* DATA FOR PROCESSING:
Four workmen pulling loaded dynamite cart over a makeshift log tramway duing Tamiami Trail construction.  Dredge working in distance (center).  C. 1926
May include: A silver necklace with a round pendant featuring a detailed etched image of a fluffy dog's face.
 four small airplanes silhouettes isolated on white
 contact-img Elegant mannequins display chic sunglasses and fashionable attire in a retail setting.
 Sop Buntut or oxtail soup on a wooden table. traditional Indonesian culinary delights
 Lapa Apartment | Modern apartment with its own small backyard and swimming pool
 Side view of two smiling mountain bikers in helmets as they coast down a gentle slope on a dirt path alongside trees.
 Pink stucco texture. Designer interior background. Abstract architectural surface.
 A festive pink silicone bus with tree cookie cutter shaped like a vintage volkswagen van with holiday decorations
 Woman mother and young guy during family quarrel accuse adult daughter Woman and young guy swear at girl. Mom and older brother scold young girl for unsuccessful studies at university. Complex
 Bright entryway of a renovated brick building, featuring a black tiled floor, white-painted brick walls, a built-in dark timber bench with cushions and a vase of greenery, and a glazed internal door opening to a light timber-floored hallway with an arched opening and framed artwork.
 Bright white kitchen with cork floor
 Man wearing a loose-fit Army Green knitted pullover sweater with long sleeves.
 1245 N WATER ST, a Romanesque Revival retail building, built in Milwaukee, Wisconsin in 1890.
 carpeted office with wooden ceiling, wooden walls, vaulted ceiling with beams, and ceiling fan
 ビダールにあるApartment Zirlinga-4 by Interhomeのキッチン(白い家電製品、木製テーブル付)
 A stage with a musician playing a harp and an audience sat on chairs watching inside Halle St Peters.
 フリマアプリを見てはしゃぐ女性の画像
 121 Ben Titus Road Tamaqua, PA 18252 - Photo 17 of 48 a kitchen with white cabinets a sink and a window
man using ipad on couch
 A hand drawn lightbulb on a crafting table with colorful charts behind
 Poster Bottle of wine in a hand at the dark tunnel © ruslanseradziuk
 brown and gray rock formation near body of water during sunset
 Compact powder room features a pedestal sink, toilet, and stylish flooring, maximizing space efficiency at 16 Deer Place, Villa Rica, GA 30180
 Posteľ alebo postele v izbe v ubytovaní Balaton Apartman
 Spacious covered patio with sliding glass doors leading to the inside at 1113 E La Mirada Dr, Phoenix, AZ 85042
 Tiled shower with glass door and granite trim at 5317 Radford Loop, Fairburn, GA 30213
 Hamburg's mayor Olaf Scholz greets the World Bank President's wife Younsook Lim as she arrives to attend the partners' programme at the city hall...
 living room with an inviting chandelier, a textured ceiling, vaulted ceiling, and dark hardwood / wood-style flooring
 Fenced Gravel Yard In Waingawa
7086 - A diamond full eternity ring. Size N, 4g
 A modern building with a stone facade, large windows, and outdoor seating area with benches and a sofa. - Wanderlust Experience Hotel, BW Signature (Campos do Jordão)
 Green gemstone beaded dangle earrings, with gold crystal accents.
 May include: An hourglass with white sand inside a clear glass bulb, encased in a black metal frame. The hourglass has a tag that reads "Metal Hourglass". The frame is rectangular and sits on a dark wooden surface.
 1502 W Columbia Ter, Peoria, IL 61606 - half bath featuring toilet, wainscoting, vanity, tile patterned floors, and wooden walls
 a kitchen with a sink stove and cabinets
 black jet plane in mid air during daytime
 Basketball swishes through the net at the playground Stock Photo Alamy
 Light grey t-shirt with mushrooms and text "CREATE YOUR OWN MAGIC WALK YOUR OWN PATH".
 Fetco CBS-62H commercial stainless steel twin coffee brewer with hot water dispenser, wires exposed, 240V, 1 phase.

* REQUIREMENT: Set down the records again verbatim, so that each word stays as it is.

* TASK ANSWER:
Four workmen pulling loaded dynamite cart over a makeshift log tramway duing Tamiami Trail construction.  Dredge working in distance (center).  C. 1926
May include: A silver necklace with a round pendant featuring a detailed etched image of a fluffy dog's face.
 four small airplanes silhouettes isolated on white
 contact-img Elegant mannequins display chic sunglasses and fashionable attire in a retail setting.
 Sop Buntut or oxtail soup on a wooden table. traditional Indonesian culinary delights
 Lapa Apartment | Modern apartment with its own small backyard and swimming pool
 Side view of two smiling mountain bikers in helmets as they coast down a gentle slope on a dirt path alongside trees.
 Pink stucco texture. Designer interior background. Abstract architectural surface.
 A festive pink silicone bus with tree cookie cutter shaped like a vintage volkswagen van with holiday decorations
 Woman mother and young guy during family quarrel accuse adult daughter Woman and young guy swear at girl. Mom and older brother scold young girl for unsuccessful studies at university. Complex
 Bright entryway of a renovated brick building, featuring a black tiled floor, white-painted brick walls, a built-in dark timber bench with cushions and a vase of greenery, and a glazed internal door opening to a light timber-floored hallway with an arched opening and framed artwork.
 Bright white kitchen with cork floor
 Man wearing a loose-fit Army Green knitted pullover sweater with long sleeves.
 1245 N WATER ST, a Romanesque Revival retail building, built in Milwaukee, Wisconsin in 1890.
 carpeted office with wooden ceiling, wooden walls, vaulted ceiling with beams, and ceiling fan
 ビダールにあるApartment Zirlinga-4 by Interhomeのキッチン(白い家電製品、木製テーブル付)
 A stage with a musician playing a harp and an audience sat on chairs watching inside Halle St Peters.
 フリマアプリを見てはしゃぐ女性の画像
 121 Ben Titus Road Tamaqua, PA 18252 - Photo 17 of 48 a kitchen with white cabinets a sink and a window
man using ipad on couch
 A hand drawn lightbulb on a crafting table with colorful charts behind
 Poster Bottle of wine in a hand at the dark tunnel © ruslanseradziuk
 brown and gray rock formation near body of water during sunset
 Compact powder room features a pedestal sink, toilet, and stylish flooring, maximizing space efficiency at 16 Deer Place, Villa Rica, GA 30180
 Posteľ alebo postele v izbe v ubytovaní Balaton Apartman
 Spacious covered patio with sliding glass doors leading to the inside at 1113 E La Mirada Dr, Phoenix, AZ 85042
 Tiled shower with glass door and granite trim at 5317 Radford Loop, Fairburn, GA 30213
 Hamburg's mayor Olaf Scholz greets the World Bank President's wife Younsook Lim as she arrives to attend the partners' programme at the city hall...
 living room with an inviting chandelier, a textured ceiling, vaulted ceiling, and dark hardwood / wood-style flooring
 Fenced Gravel Yard In Waingawa
7086 - A diamond full eternity ring. Size N, 4g
 A modern building with a stone facade, large windows, and outdoor seating area with benches and a sofa. - Wanderlust Experience Hotel, BW Signature (Campos do Jordão)
 Green gemstone beaded dangle earrings, with gold crystal accents.
 May include: An hourglass with white sand inside a clear glass bulb, encased in a black metal frame. The hourglass has a tag that reads "Metal Hourglass". The frame is rectangular and sits on a dark wooden surface.
 1502 W Columbia Ter, Peoria, IL 61606 - half bath featuring toilet, wainscoting, vanity, tile patterned floors, and wooden walls
 a kitchen with a sink stove and cabinets
 black jet plane in mid air during daytime
 Basketball swishes through the net at the playground Stock Photo Alamy
 Light grey t-shirt with mushrooms and text "CREATE YOUR OWN MAGIC WALK YOUR OWN PATH".
 Fetco CBS-62H commercial stainless steel twin coffee brewer with hot water dispenser, wires exposed, 240V, 1 phase.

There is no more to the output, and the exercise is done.